• Exercise instructions: Your task is to copy the stretch of lines in the records below that begins with the line containing "from above Adult" and ends with the line containing "Un plat de ravioli", exactly as written, with nothing added.

Data excerpts below:

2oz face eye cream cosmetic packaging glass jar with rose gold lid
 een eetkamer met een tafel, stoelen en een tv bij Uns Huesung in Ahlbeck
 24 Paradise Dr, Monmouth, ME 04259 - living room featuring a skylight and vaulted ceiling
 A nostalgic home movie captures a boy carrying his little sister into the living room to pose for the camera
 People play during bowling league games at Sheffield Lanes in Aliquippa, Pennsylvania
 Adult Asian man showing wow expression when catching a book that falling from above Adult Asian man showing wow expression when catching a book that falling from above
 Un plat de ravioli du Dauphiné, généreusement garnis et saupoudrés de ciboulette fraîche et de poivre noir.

End of Data excerpts.
Data excerpts below:

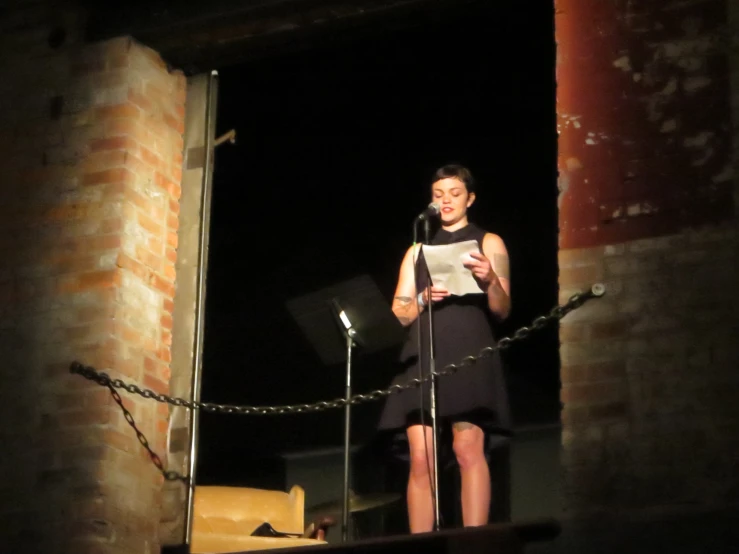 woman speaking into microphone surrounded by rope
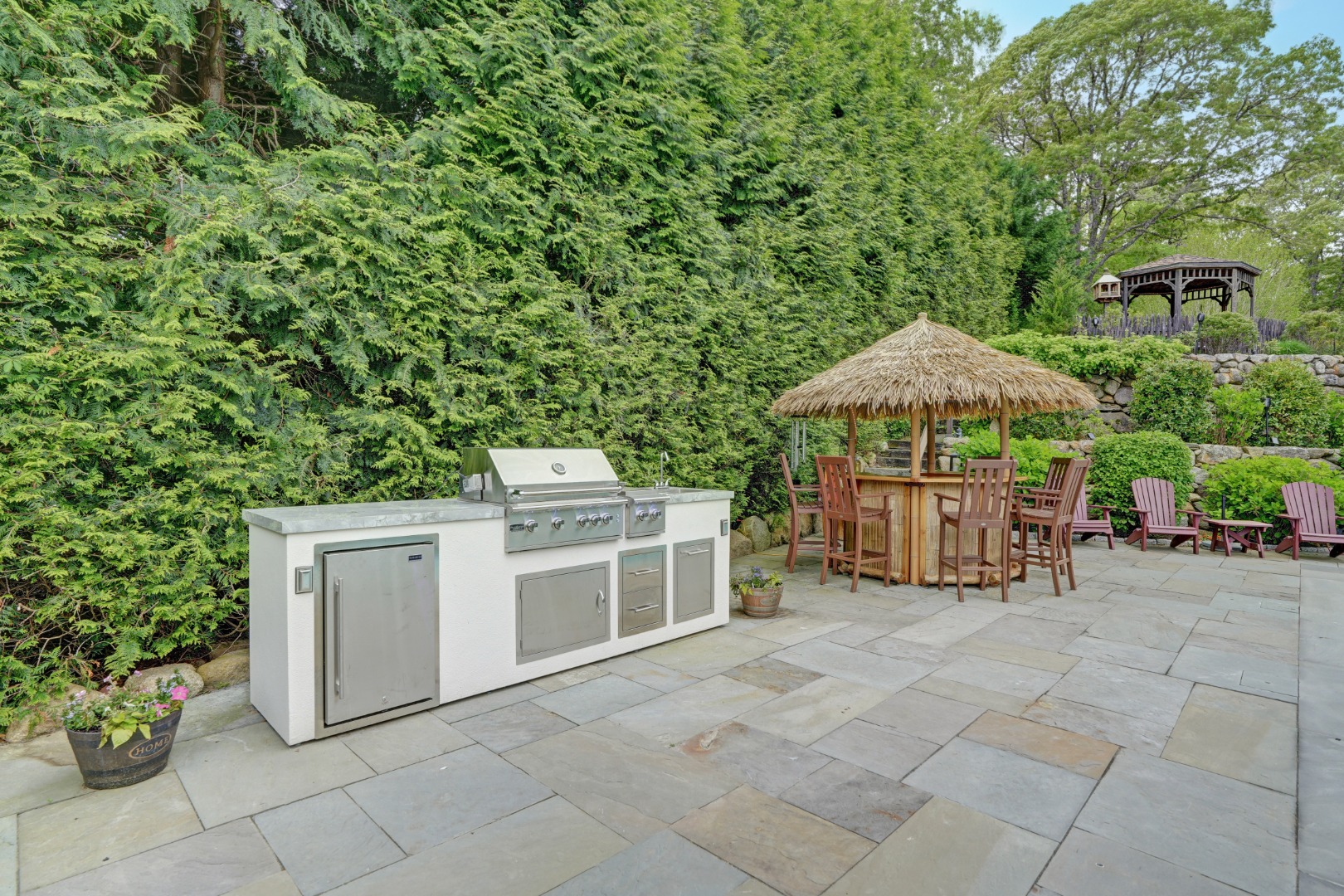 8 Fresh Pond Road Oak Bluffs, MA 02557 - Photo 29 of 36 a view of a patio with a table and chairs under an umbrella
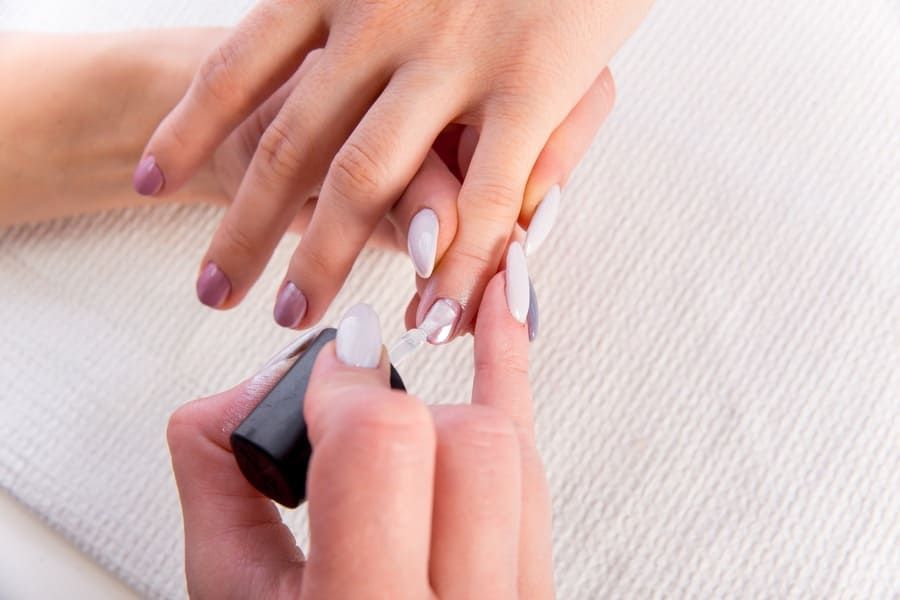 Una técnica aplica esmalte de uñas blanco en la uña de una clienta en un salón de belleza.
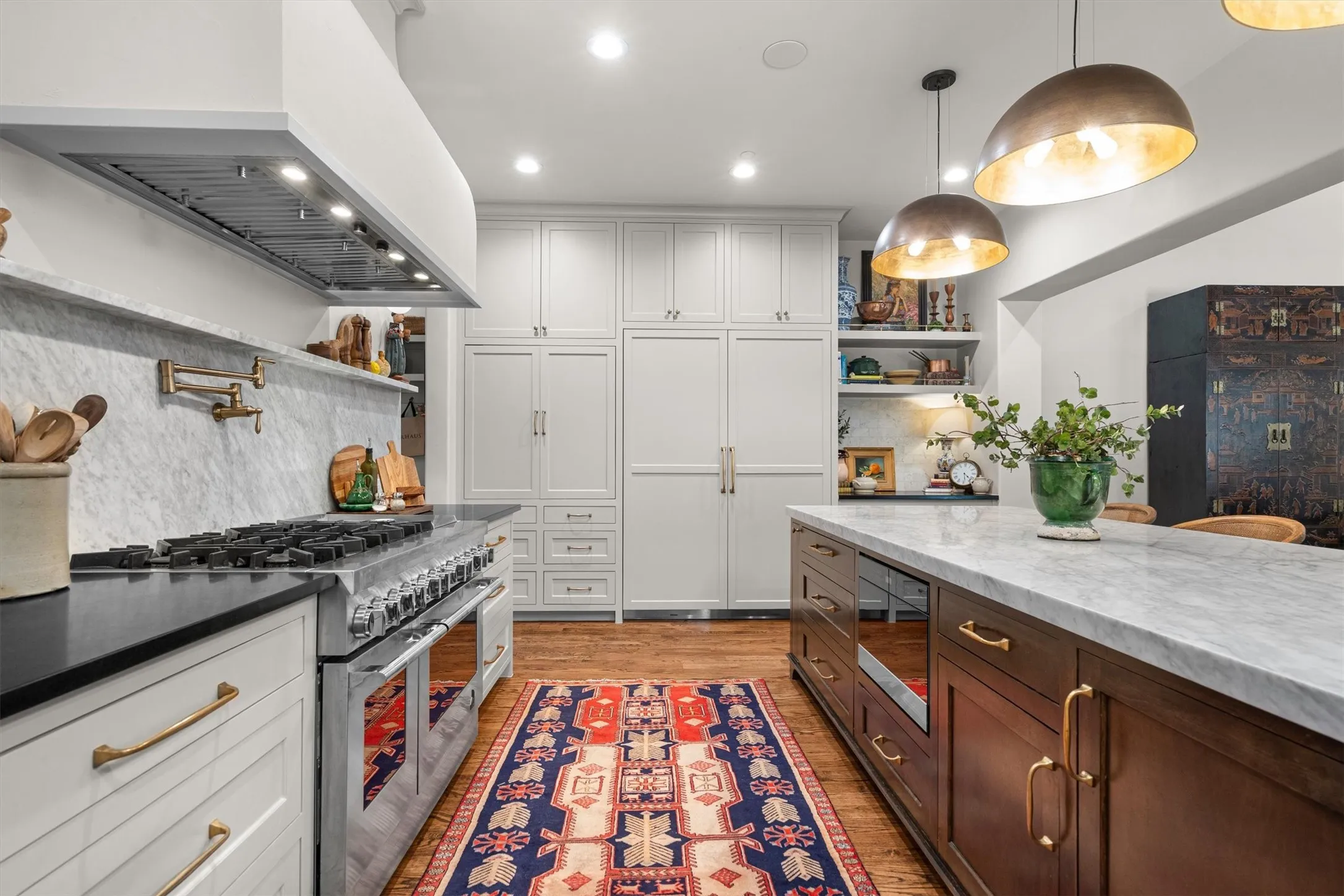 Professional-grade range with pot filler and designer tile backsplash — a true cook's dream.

End of Data excerpts.

• Result of the exercise:
 Adult Asian man showing wow expression when catching a book that falling from above Adult Asian man showing wow expression when catching a book that falling from above
 Un plat de ravioli du Dauphiné, généreusement garnis et saupoudrés de ciboulette fraîche et de poivre noir.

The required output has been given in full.